*RECORD EXTRACTS*
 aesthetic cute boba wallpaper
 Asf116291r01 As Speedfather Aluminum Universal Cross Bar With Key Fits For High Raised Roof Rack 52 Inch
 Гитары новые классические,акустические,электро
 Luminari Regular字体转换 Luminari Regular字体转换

==

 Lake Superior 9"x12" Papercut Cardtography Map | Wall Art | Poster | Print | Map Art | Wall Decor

---

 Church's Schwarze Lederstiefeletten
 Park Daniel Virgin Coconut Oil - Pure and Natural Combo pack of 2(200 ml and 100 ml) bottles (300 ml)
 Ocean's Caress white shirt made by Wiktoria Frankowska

*YOUR INSTRUCTIONS*
Out of the entries above, write out only the lines between the line holding "Asf116291r01 As Speedfather" and the line holding "Luminari Regular字体转换 Luminari Regular字体转换", inclusive, each exactly as given.

*ANSWER BOX*
 Asf116291r01 As Speedfather Aluminum Universal Cross Bar With Key Fits For High Raised Roof Rack 52 Inch
 Гитары новые классические,акустические,электро
 Luminari Regular字体转换 Luminari Regular字体转换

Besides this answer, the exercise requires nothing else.